%%

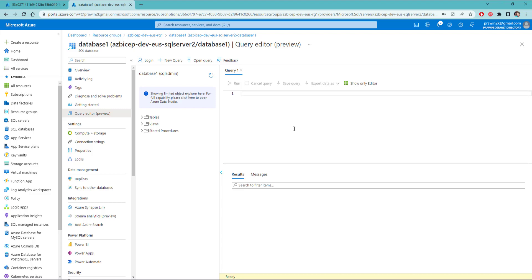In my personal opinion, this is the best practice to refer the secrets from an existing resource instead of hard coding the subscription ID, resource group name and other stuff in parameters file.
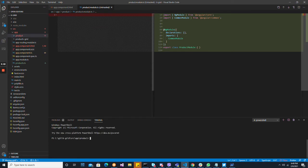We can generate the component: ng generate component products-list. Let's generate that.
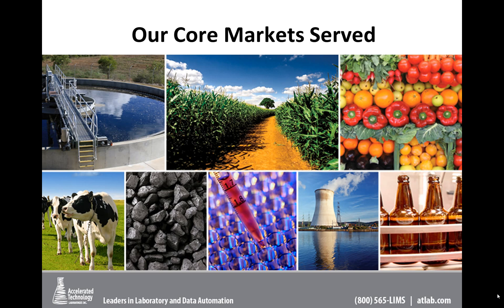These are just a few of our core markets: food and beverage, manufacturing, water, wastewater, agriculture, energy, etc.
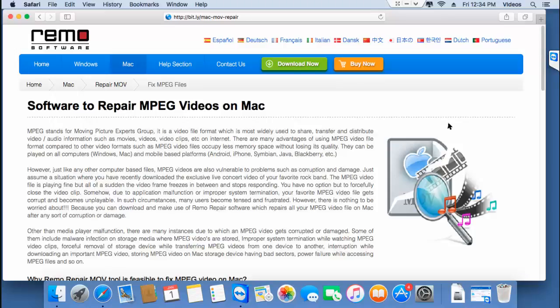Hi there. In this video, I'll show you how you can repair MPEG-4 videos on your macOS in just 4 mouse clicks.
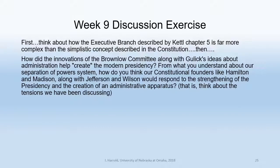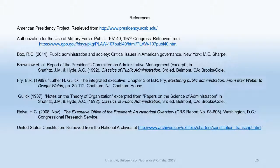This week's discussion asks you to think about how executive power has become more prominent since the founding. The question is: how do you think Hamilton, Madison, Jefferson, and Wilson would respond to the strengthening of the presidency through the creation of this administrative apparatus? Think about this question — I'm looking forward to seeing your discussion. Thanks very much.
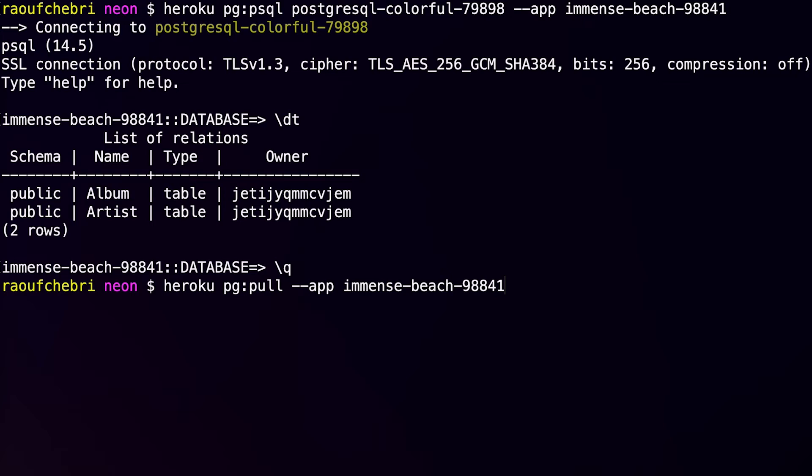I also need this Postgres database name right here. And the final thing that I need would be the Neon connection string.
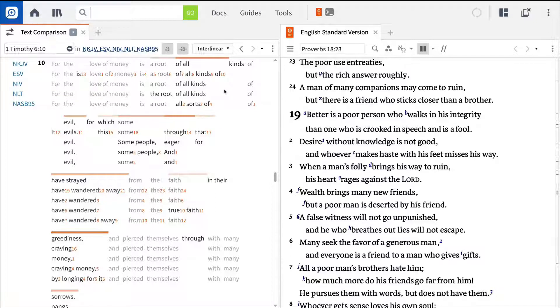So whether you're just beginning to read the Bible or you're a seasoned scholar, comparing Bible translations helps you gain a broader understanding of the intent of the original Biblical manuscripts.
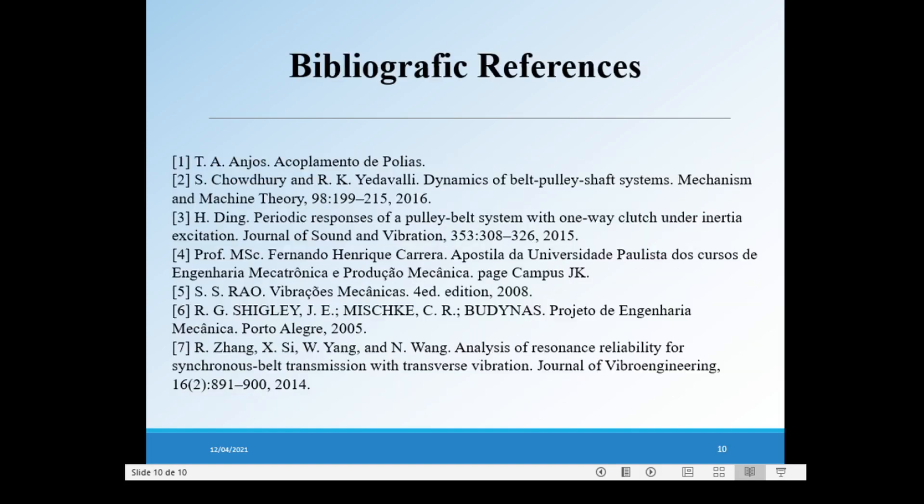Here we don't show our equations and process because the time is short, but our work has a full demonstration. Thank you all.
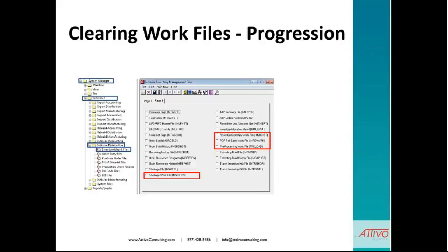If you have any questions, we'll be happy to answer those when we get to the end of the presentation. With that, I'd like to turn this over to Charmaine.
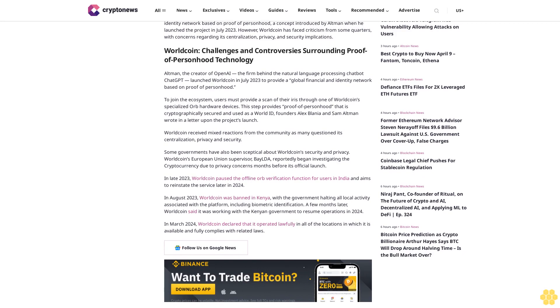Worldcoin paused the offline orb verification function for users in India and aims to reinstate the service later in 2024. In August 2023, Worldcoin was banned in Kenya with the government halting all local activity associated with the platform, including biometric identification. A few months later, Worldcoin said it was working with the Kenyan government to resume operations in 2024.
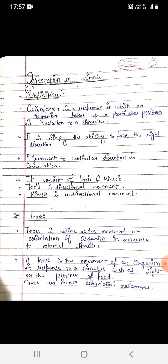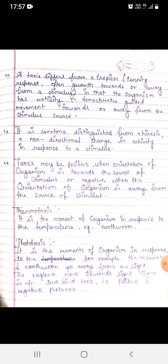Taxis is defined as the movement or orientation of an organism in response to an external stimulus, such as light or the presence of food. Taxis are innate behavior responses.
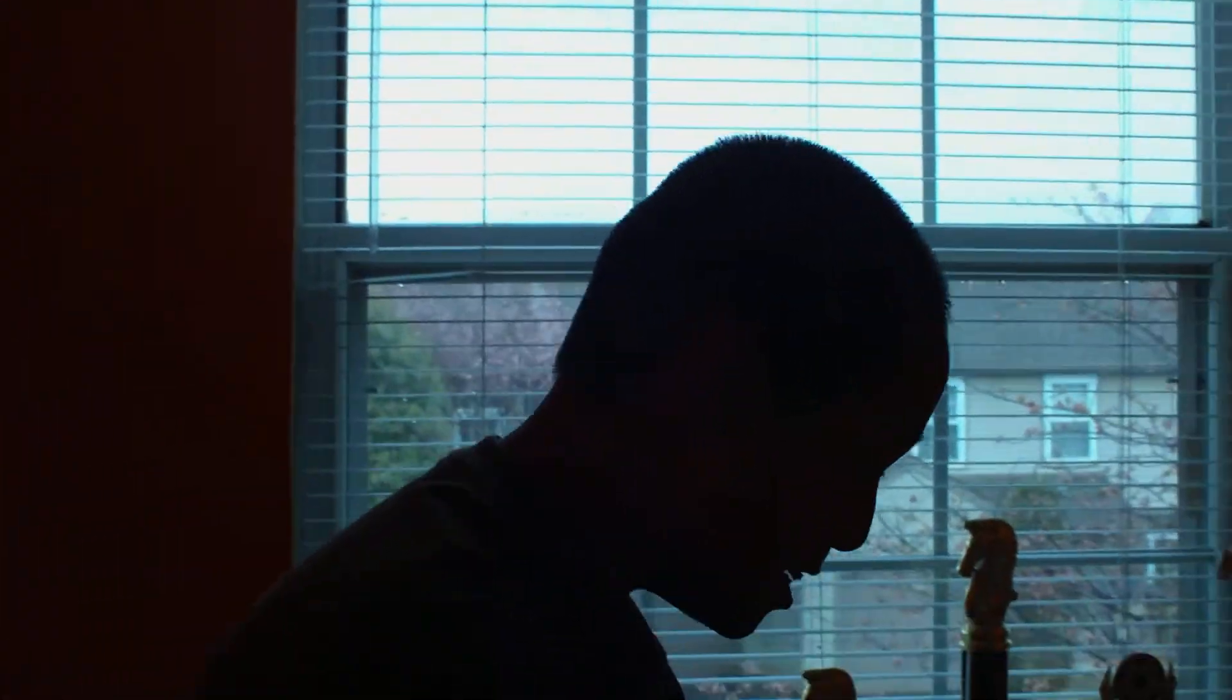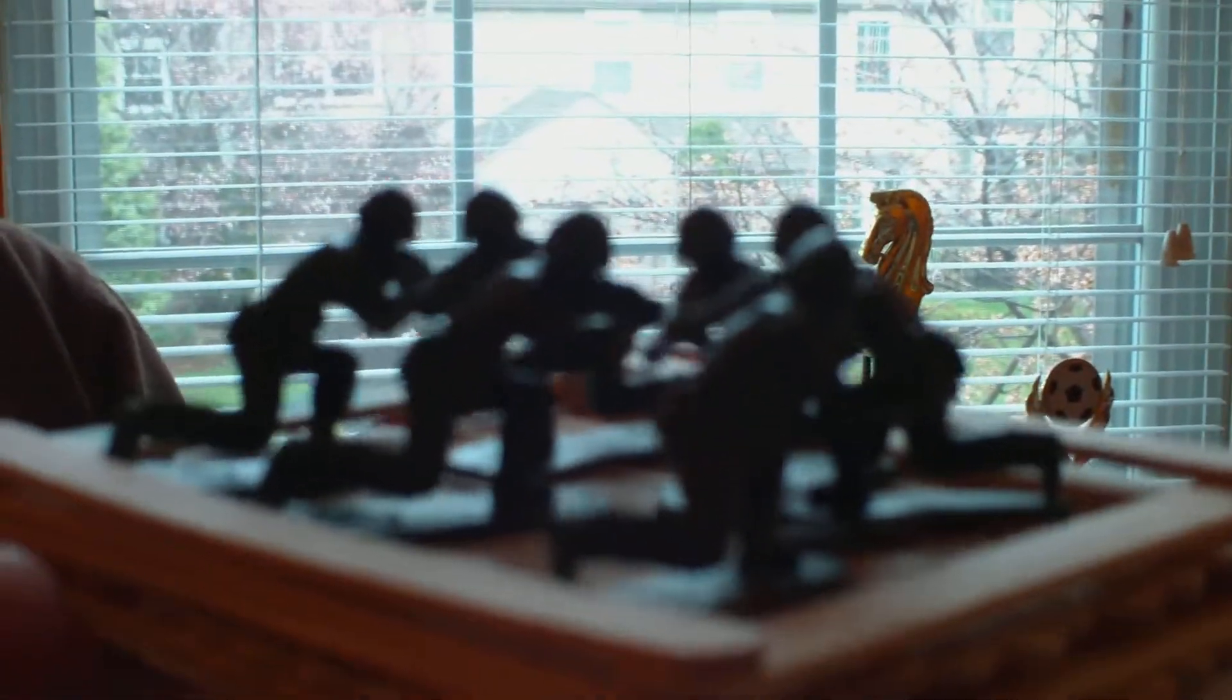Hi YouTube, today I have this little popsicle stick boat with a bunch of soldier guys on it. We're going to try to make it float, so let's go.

%%
%%

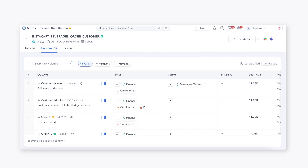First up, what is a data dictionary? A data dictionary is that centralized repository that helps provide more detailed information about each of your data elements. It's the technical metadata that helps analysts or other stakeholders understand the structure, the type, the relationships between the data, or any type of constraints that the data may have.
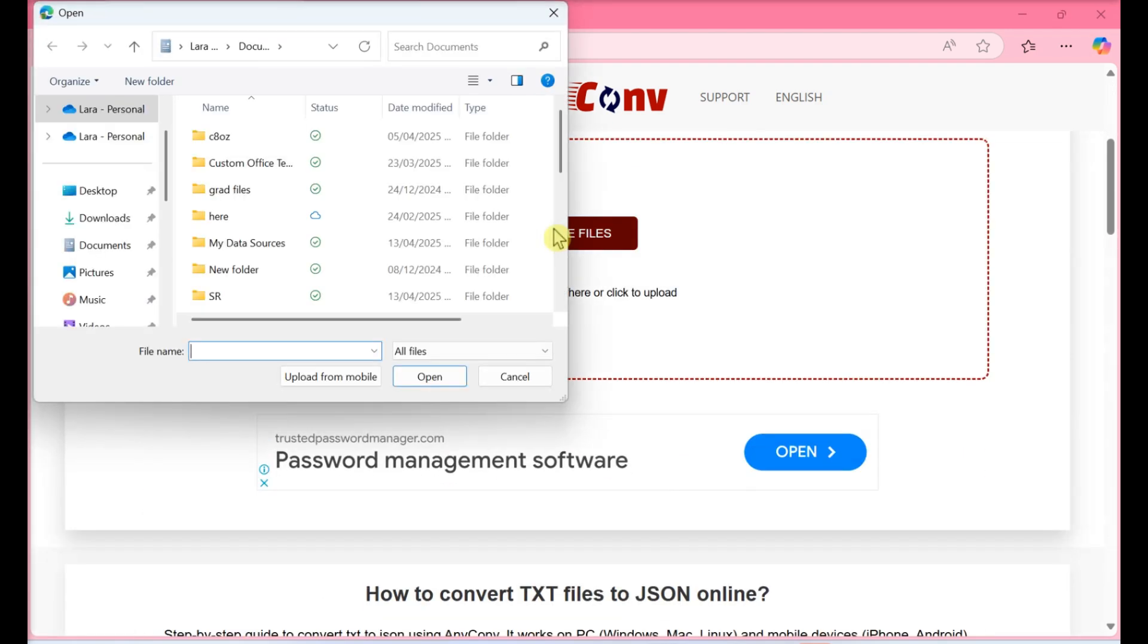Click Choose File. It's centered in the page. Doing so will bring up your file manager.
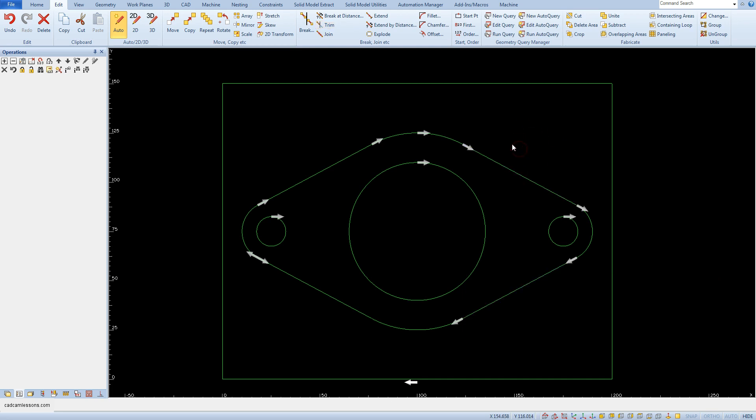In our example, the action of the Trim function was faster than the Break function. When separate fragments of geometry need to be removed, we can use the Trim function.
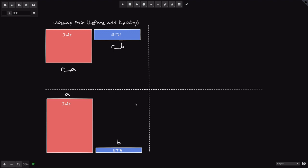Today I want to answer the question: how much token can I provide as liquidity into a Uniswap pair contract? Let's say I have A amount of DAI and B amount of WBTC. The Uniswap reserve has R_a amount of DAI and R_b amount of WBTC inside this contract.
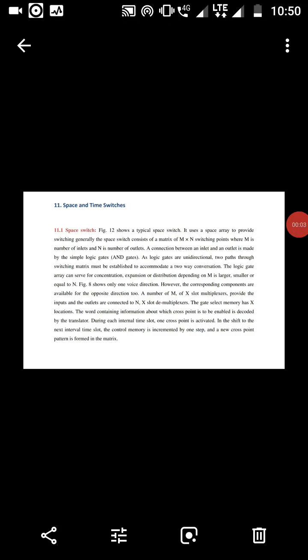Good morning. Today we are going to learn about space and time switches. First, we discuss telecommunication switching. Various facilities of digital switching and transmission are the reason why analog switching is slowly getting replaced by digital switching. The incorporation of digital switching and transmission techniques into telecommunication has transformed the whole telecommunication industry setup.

%%
%%

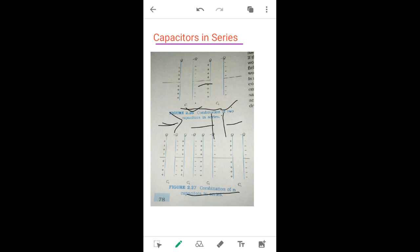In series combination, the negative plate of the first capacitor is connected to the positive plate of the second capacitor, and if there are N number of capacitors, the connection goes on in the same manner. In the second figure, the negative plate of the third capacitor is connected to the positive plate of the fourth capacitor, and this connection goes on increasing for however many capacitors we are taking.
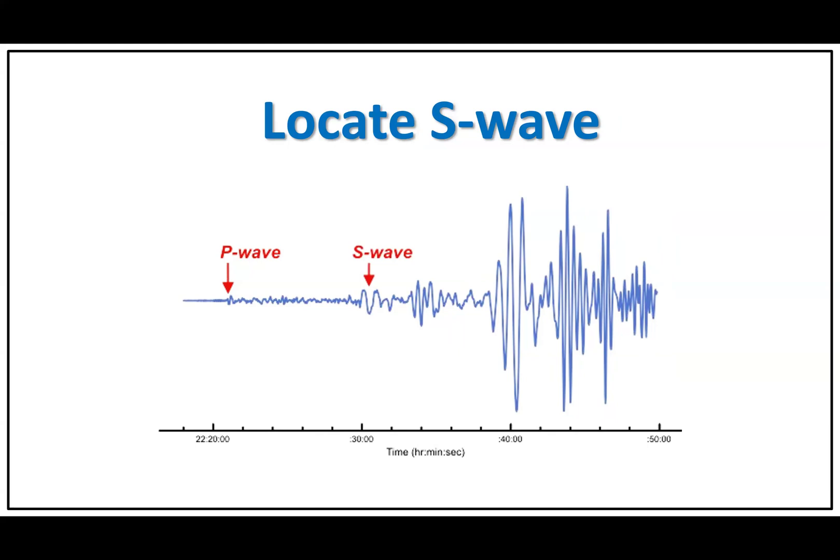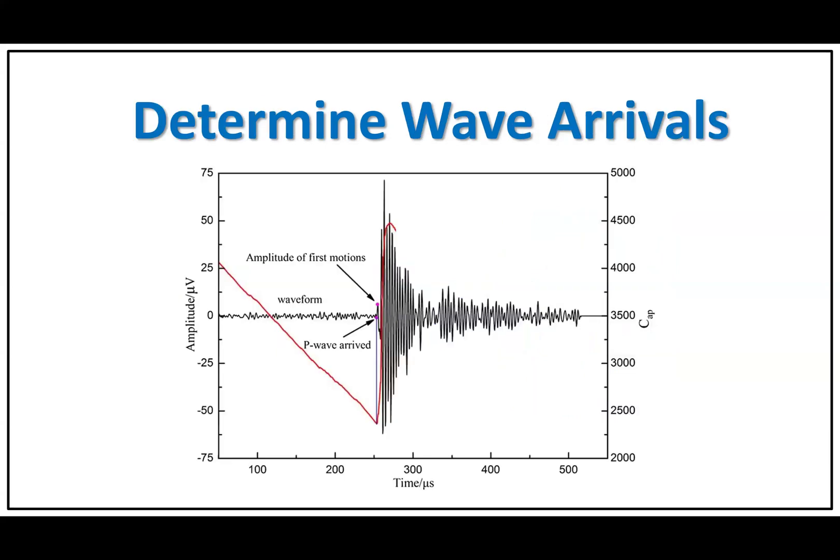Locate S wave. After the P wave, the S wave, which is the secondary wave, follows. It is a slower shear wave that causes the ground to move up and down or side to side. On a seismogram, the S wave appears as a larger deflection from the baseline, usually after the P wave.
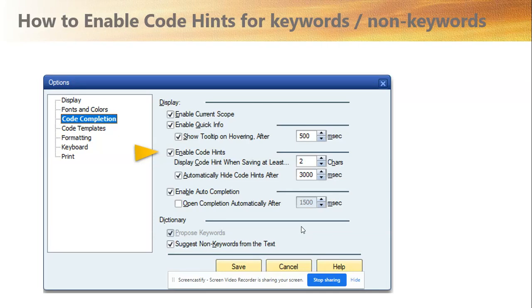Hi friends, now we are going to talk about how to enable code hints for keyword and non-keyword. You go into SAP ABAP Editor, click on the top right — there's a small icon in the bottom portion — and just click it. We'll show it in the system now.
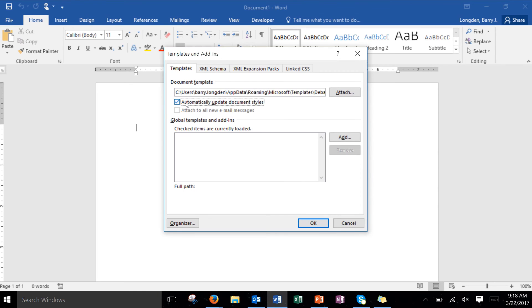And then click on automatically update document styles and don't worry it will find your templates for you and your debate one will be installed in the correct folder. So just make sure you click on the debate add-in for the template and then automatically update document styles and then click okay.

%%

:: WHAT YOU SHOULD DO ::
Reproduce, word for word, only the lines in the records above from the line with "Worldcoin paused the" through the line with "Hi YouTube, today", including both ends; omit the pictures.

:: RESULT BELOW ::
Worldcoin paused the offline orb verification function for users in India and aims to reinstate the service later in 2024. In August 2023, Worldcoin was banned in Kenya with the government halting all local activity associated with the platform, including biometric identification. A few months later, Worldcoin said it was working with the Kenyan government to resume operations in 2024.
Taxis is defined as the movement or orientation of an organism in response to an external stimulus, such as light or the presence of food. Taxis are innate behavior responses.
Hi YouTube, today I have this little popsicle stick boat with a bunch of soldier guys on it. We're going to try to make it float, so let's go.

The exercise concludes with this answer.